- [To do]: In the listing below, find the line with "TV staliukas Televizoriaus" and the line with "Antoanella női táska", then return them and every line between them exactly, minus the pictures.
BEGIN Dataset
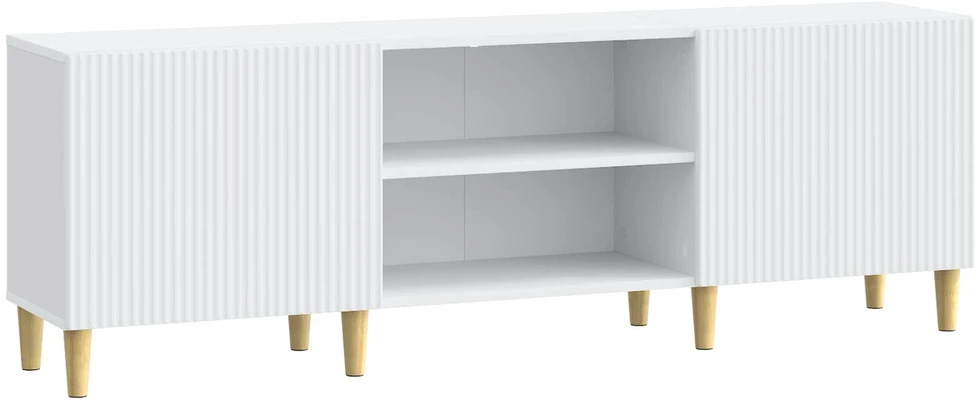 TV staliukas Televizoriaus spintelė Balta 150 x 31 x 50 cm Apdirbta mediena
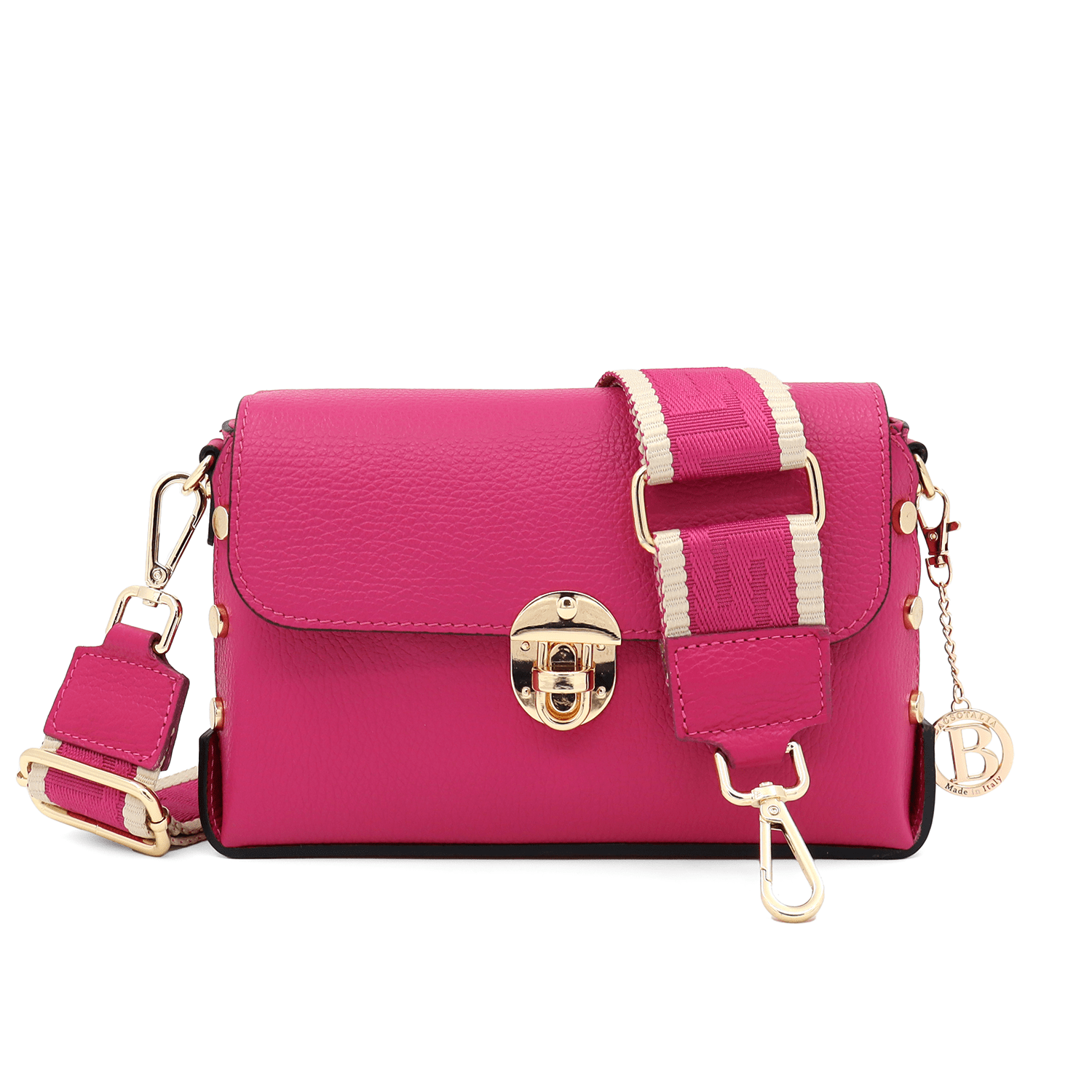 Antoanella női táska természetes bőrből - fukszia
END Dataset
BEGIN Dataset
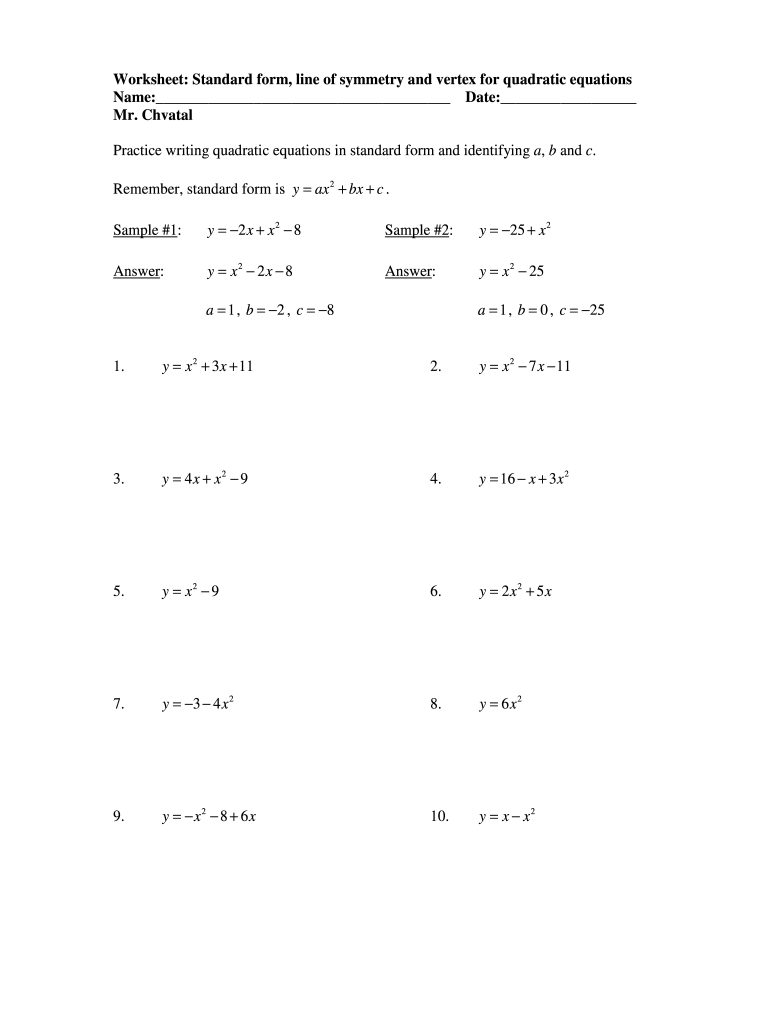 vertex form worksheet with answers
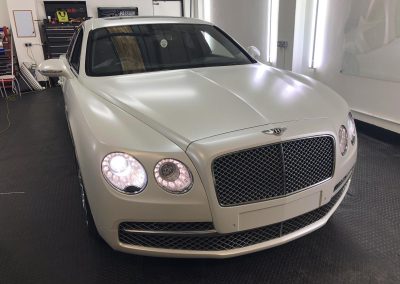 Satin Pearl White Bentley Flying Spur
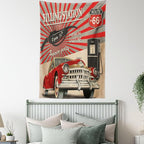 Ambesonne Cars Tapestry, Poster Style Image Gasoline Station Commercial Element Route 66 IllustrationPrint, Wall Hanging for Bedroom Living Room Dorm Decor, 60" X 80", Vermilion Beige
END Dataset
BEGIN Dataset
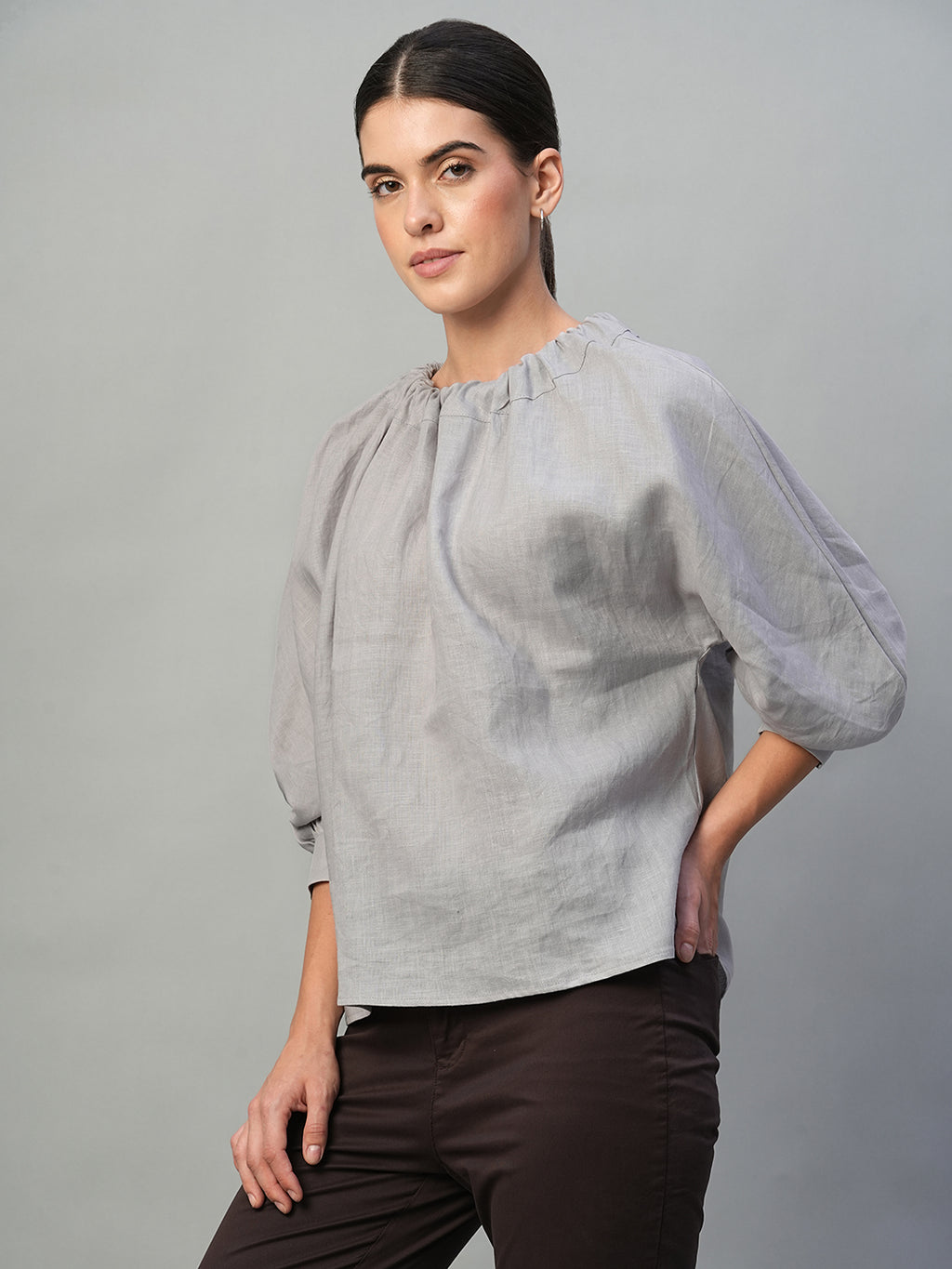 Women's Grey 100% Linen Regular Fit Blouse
END Dataset
- [Response to the exercise]:
 TV staliukas Televizoriaus spintelė Balta 150 x 31 x 50 cm Apdirbta mediena
 Antoanella női táska természetes bőrből - fukszia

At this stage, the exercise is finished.